Segment Open

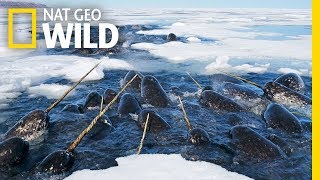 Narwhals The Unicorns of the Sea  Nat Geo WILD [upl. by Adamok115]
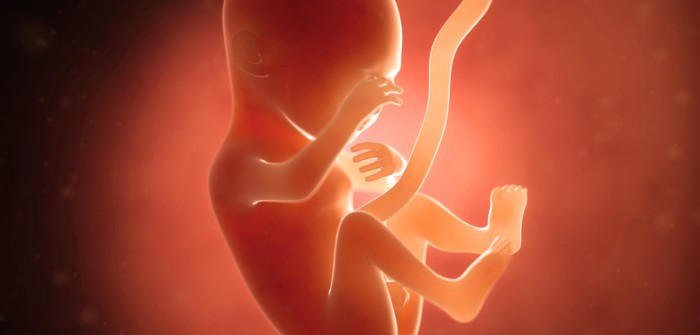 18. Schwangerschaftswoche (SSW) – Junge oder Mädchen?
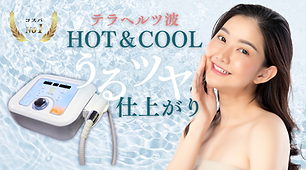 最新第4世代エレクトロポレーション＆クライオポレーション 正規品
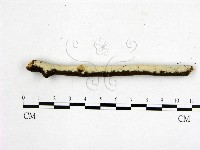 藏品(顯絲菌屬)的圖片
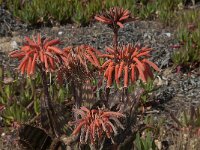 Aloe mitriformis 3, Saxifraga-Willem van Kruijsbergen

Segment Closed
Segment Open

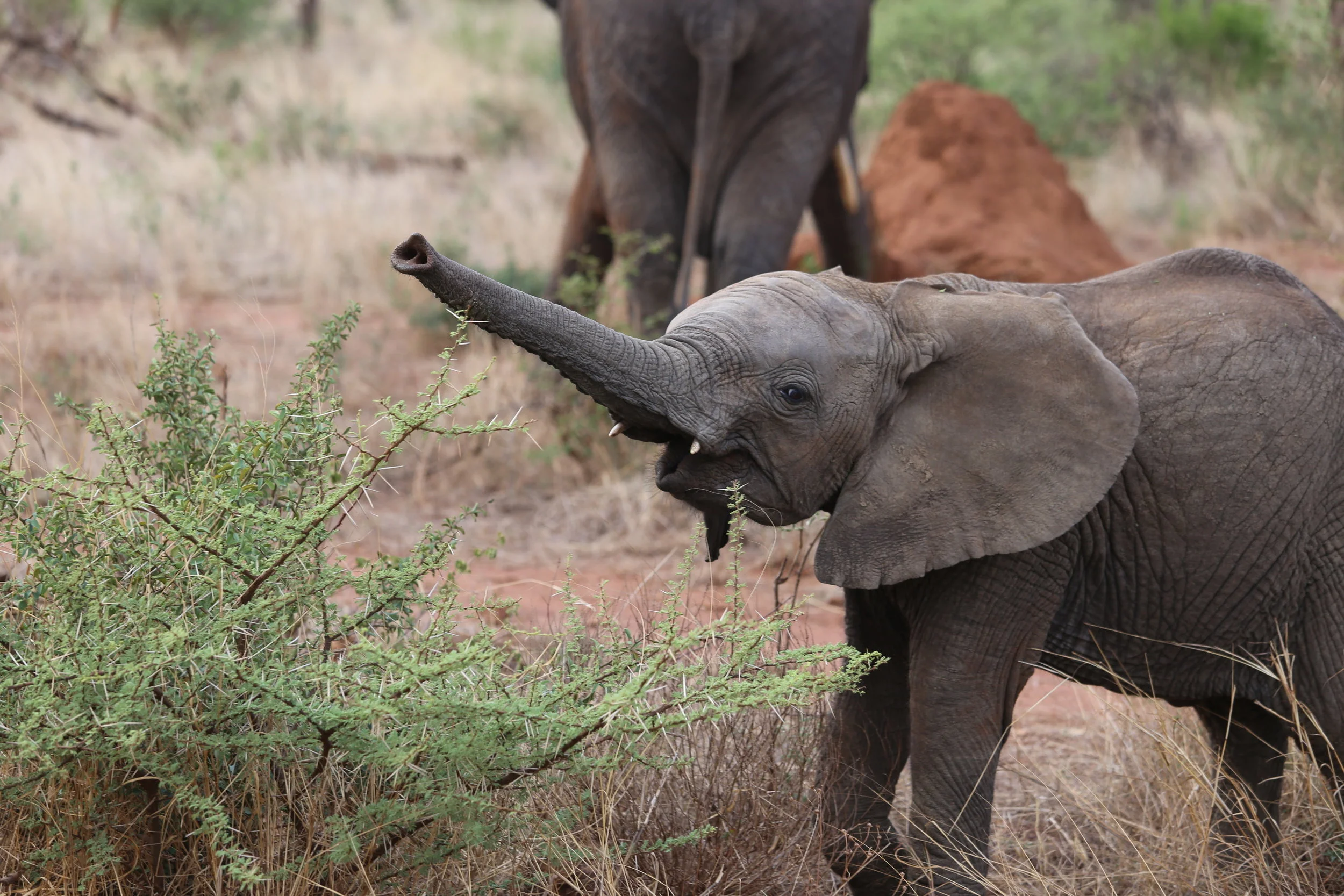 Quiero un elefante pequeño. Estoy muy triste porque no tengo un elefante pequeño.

Segment Closed

* _Activity_
Exactly reproduce the lines above, starting at the one that contains "Narwhals The Unicorns" and ending at the one that contains "Aloe mitriformis 3, Saxifraga-Willem", both inclusive; leave the pictures out and add no other lines.

* _Exercise output_
 Narwhals The Unicorns of the Sea  Nat Geo WILD [upl. by Adamok115]
 18. Schwangerschaftswoche (SSW) – Junge oder Mädchen?
 最新第4世代エレクトロポレーション＆クライオポレーション 正規品
 藏品(顯絲菌屬)的圖片
 Aloe mitriformis 3, Saxifraga-Willem van Kruijsbergen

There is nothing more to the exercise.